'''

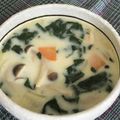 アンドーナツ☆'s cooksnap of when they made ほうれん草ときのこの豆乳シチュー.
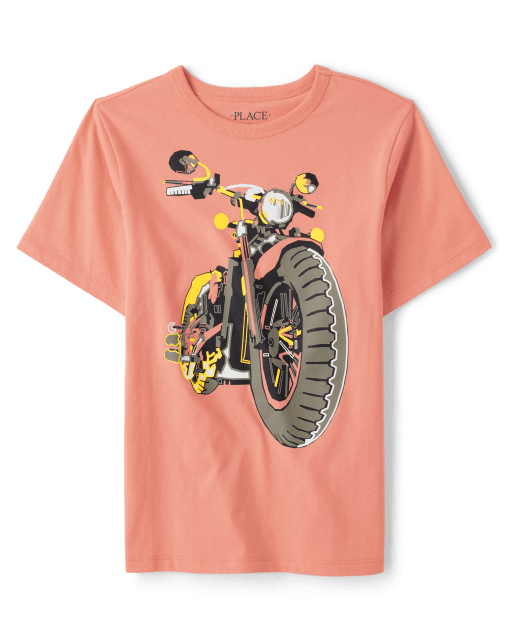 Boys Motorcycle Graphic Tee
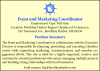 Event and Marketing Coordinator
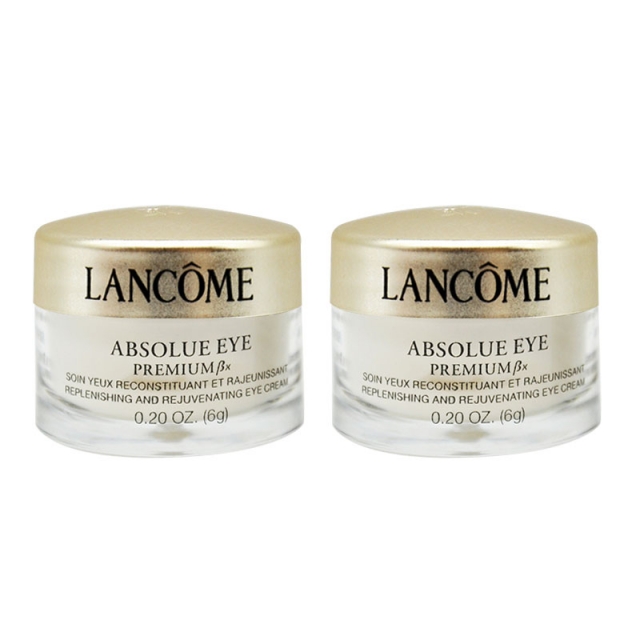 【2件装】LANCOME兰蔻菁纯臻颜润养眼霜 金纯卓颜眼霜6g 小样无盒JPY带授权招加盟代理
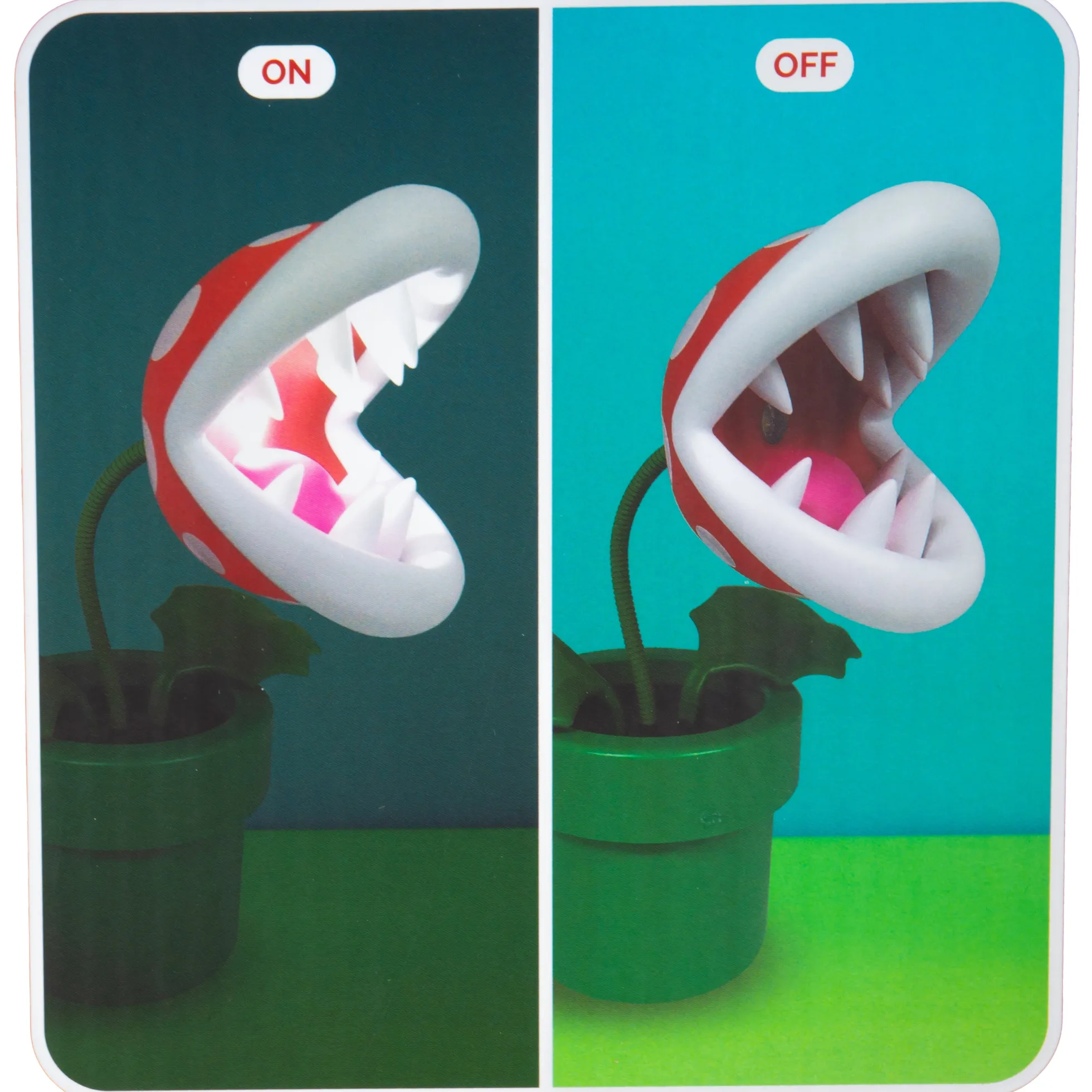 Super Mario Bewegliche Mini LED Lampe – Piranha Pflanze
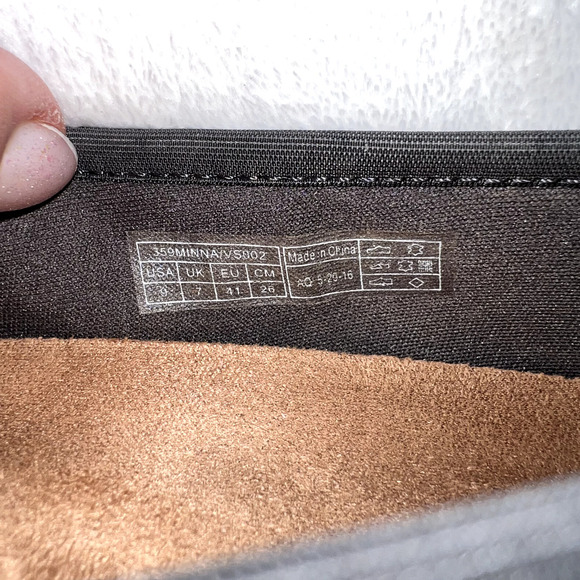 Vionic Women's Ballet Flats Minna Boa Gray Leather Slip On Round Toe Shoe - Picture 9 of 12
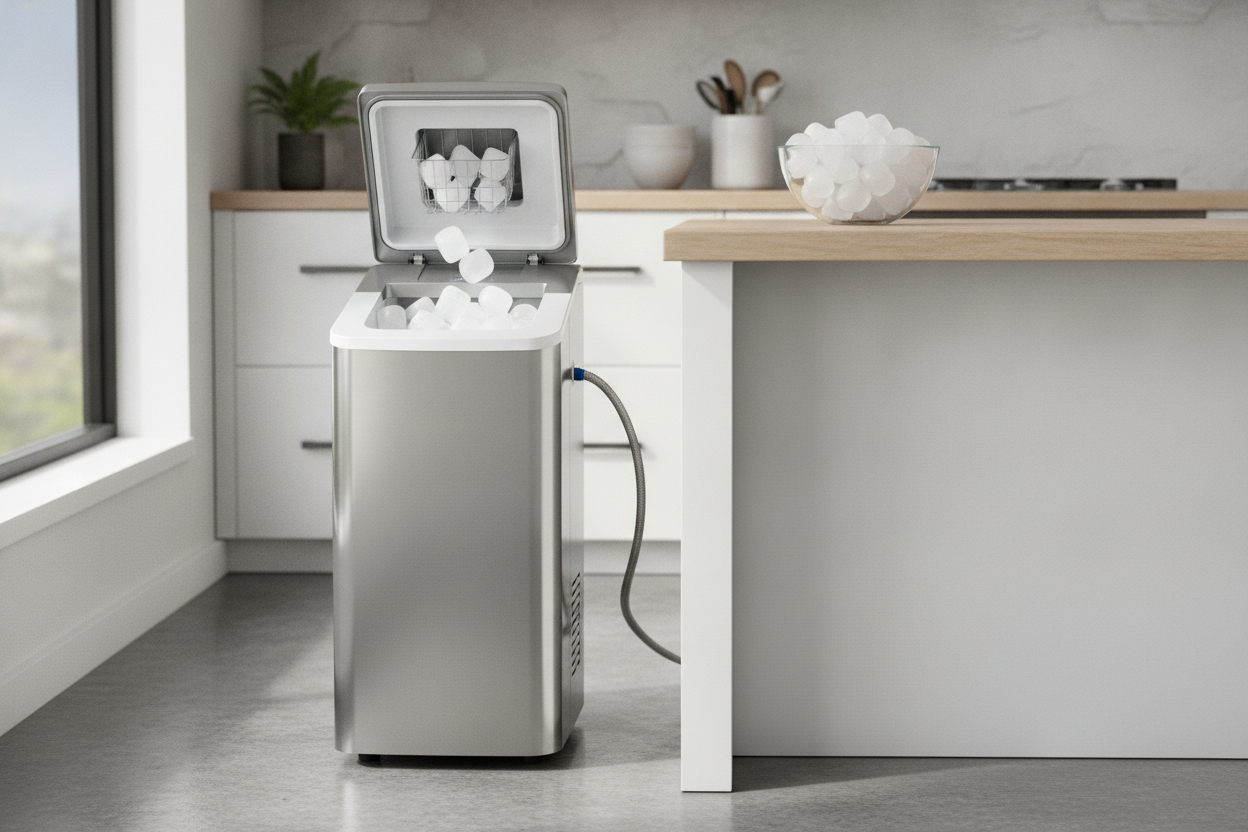I Tried a Floor Ice Maker for Summer Parties — Here's Why I Sold It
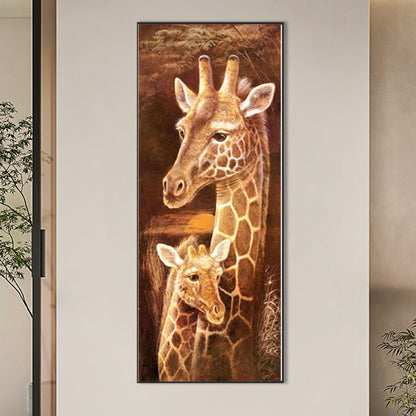 Giraffe - Full Round Drill Diamond Painting 30*75CM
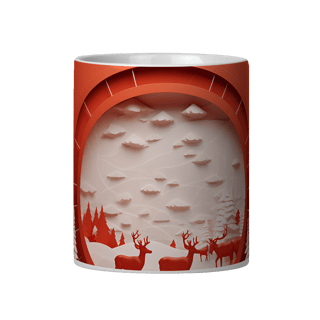 Nome do produto Caneca 3D - Natal - Cenário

'''

§ **Task prompt**
Copy all the lines of data exactly as they appear, dropping any images.

§ **Response below**
 アンドーナツ☆'s cooksnap of when they made ほうれん草ときのこの豆乳シチュー.
 Boys Motorcycle Graphic Tee
 Event and Marketing Coordinator
 【2件装】LANCOME兰蔻菁纯臻颜润养眼霜 金纯卓颜眼霜6g 小样无盒JPY带授权招加盟代理
 Super Mario Bewegliche Mini LED Lampe – Piranha Pflanze
 Vionic Women's Ballet Flats Minna Boa Gray Leather Slip On Round Toe Shoe - Picture 9 of 12
I Tried a Floor Ice Maker for Summer Parties — Here's Why I Sold It
 Giraffe - Full Round Drill Diamond Painting 30*75CM
 Nome do produto Caneca 3D - Natal - Cenário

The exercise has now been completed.